» PROBLEM DETAILS:
Only these lines, please: the first one of the records through the one containing "This silvery metal", retyped exactly, both ends included and pictures omitted.

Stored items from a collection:

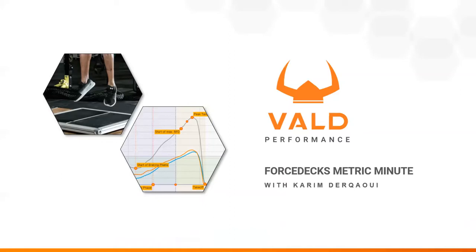Hello everyone and welcome to the third installment of the Metric Minute, brought to you by Vault Performance. I'm Kareem Durkawi and this episode covers eccentric duration, a metric that analyzes countermovement jump strategy and helps measure fatigue.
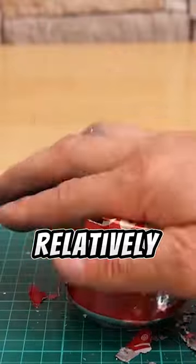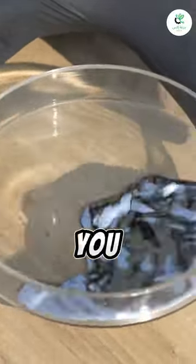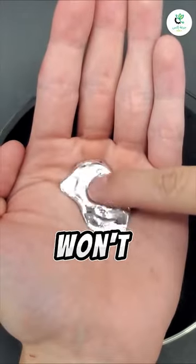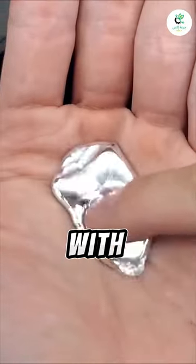This silvery metal melts at 35 degrees, but you might wonder what will happen if you put it on your hands. Actually it won't damage them because it only interacts with metals.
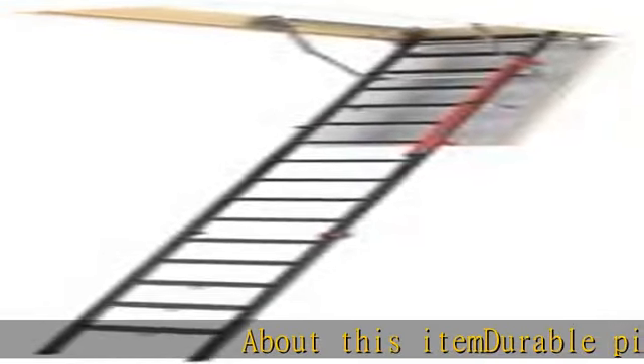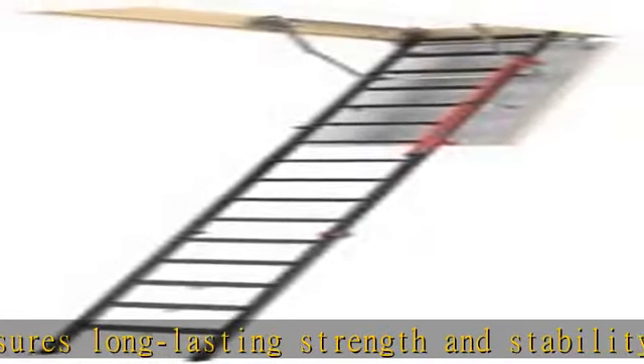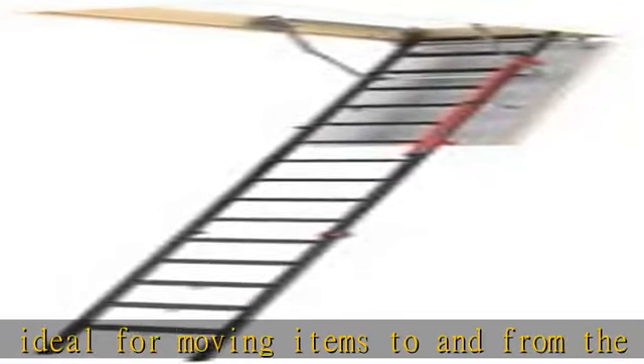About this item: durable pinewood construction ensures long-lasting strength and stability. 350-pound duty rating is ideal for moving items to and from the attic. Adjustable length, door distance, and spring tension for custom installation. Door surface is paintable to match your interior look. Insulated between boards for energy efficiency. No installation hardware visible on outside door surface for a streamlined look. Plastic feet included to protect the floor from scratching.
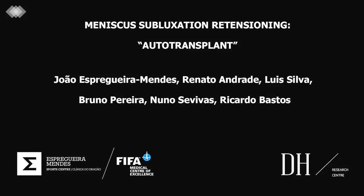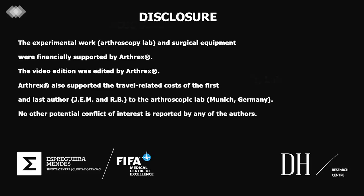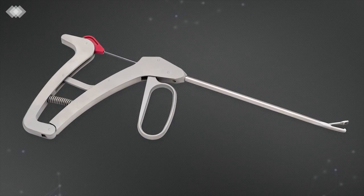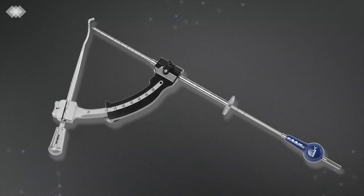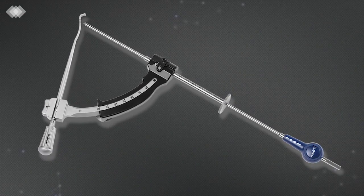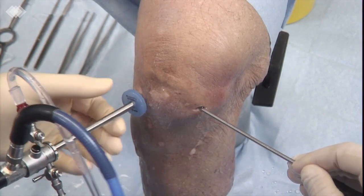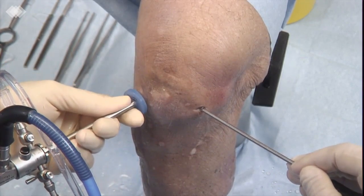This is an arthroscopic surgical technique developed for the treatment of meniscal extrusion observed in cases of early osteoarthritis. After conventional anterior-medial and anterior-lateral arthroscopic portals, a 10mm passport cannula is used to facilitate the procedure.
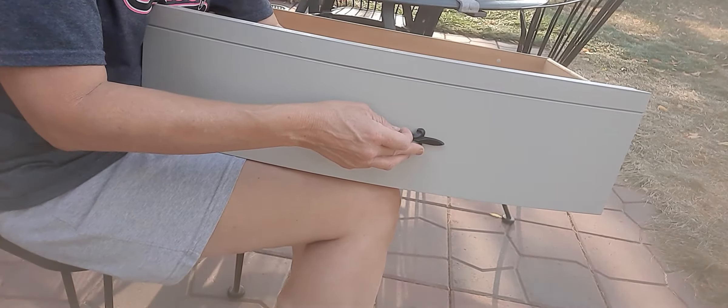I was like, how come I would have an extra? So there you go — that's what that one looks like. It looks nice. So let's do the one with the knob.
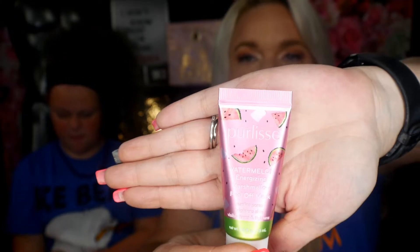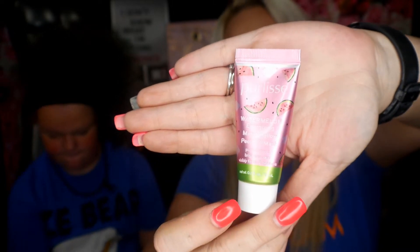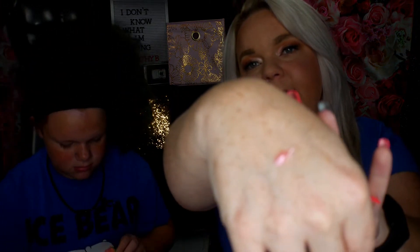Our last thing — I'm kind of excited about this. I want to know how it smells. Purley's watermelon energizing marshmallow peel off mask. It's got really super cute watermelon packaging. It is like a pearly pink color, and it's got sparkles in it. It smells like watermelon Jolly Ranchers. I thought it would smell better than that. I was hoping for marshmallows. It's a marshmallow peel off mask — it doesn't smell like it.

» RESPONSE AREA:
Hello everyone and welcome to the third installment of the Metric Minute, brought to you by Vault Performance. I'm Kareem Durkawi and this episode covers eccentric duration, a metric that analyzes countermovement jump strategy and helps measure fatigue.
This silvery metal melts at 35 degrees, but you might wonder what will happen if you put it on your hands. Actually it won't damage them because it only interacts with metals.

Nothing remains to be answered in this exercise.